98312-114

Outcomes of patients with malignant melanoma treated with immunotherapy prior to or after vemurafenib.

Subcategory: 
Category: 
Melanoma/Skin Cancers
Session Type and Session Title: 
General Poster Session, Melanoma/Skin Cancers
Abstract Number: 

8569

Citation: 

J Clin Oncol 30, 2012 (suppl; abstr 8569)

Author(s): 

Allison Ackerman, David F. McDermott, Donald P. Lawrence, Anasuya Gunturi, Keith T. Flaherty, Anita Giobbie-Hurder, F. Stephen Hodi, Nageatte Ibrahim, Michael B. Atkins, Daniel C. Cho, Ryan J. Sullivan; Beth Israel Deaconess Medical Center, Boston, MA; Massachusetts General Hospital Cancer Center, Boston, MA; Massachusetts General Hospital, Boston, MA; Dana-Farber Cancer Institute, Boston, MA


Abstracts that were granted an exception in accordance with ASCO's Conflict of Interest Policy are designated with a caret symbol (^).

Abstract Disclosures

Abstract: 

Background: Treatment of patients (pts) with BRAF mutant malignant melanoma (MM) with vemurafenib (vem), a BRAF inhibitor (BRAFi), is associated with a high response rate (RR) and improvement in progression free survival (PFS) and overall survival (OS) compared to standard chemotherapy. Responses to vem are typically not durable and most pts require additional therapy. However, there is little data to guide sequencing of vem with other standard therapies such as ipilimumab (ipi) or interleukin 2 (IL-2). Methods: 43 pts treated with vem as part of clinical trials from 2009-2012 were retrospectively identified. RR of vem was calculated for all pts as well as for pts treated with immunotherapy (IT) prior to vem. The OS from first systemic and vem treatment, duration of vem therapy, OS from when pts came off vem, and PFS and OS for post-vem ipi was determined using Kaplan-Meier estimates. Results: Of the 43 pts, 11 remain on vem and 32 are off vem (19 deceased) with a median follow up of 19 mo. Pre-vem LDH was elevated in 46% (17/37 evaluable pts). The RR to vem was 52% (22/42 evaluable pts), the median duration of therapy 5.6 months (mo), and the median OS 19.3 mo, similar to results in trials. The median OS from initiation of any treatment was 27 mo. 16 pts received IT (11 IL-2, 4 ipi, 1 IL-2 then ipi) prior to vem with a median OS of 31.2 mo; the RR of vem following IT was 75% (12/16).

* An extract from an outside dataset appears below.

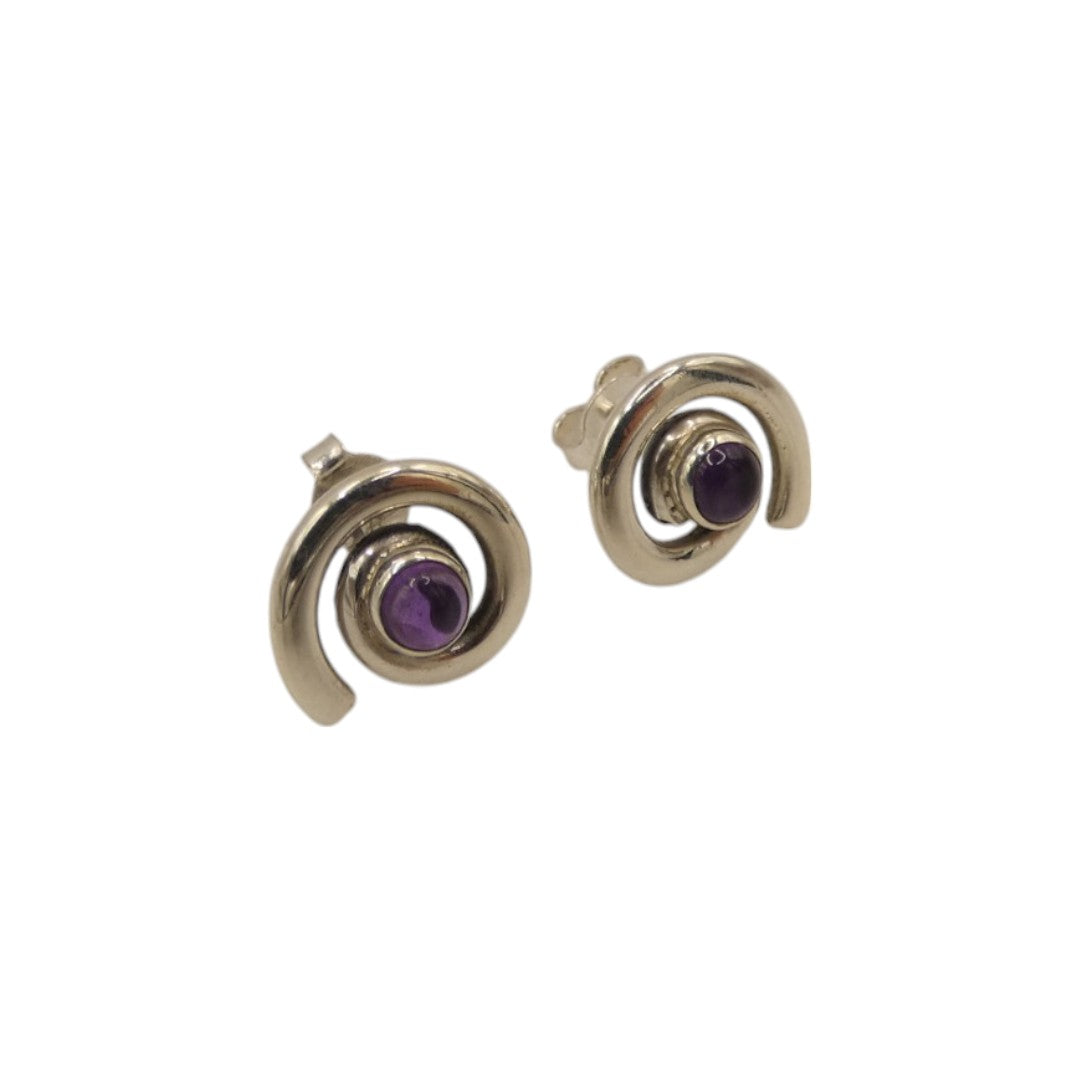 Sterling Silver Amethyst Swirl Stud Earrings With Centre Stone 0.6"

At time of vem discontinuation 50% of pts (12/24 evaluable) had an elevated LDH, and the median OS of the 32 pts who stopped vem was 4 mo from last vem dose. 10 of these pts then received single-agent ipi; six of whom had an elevated LDH. Five pts died within 3 mo of last vem dose, and all 10 pts had disease progression (PD) at 6 months with a median PFS of 0.7 mo and OS of 2.2 mo. The 3 pts who lived beyond 1 year following vem and then ipi were subsequently treated with a BRAFi following PD on ipi. Conclusions: Response to vem following IT appears similar to that seen in previously untreated pts. Median PFS and OS for pts receiving ipi after discontinuation of vem are poor, possibly due to rapid PD at the time of vem discontinuation. Prolonged OS is primarily seen with resumption of BRAF inhibition. Our data suggests that in appropriately selected pts, IT should be considered prior to BRAFi.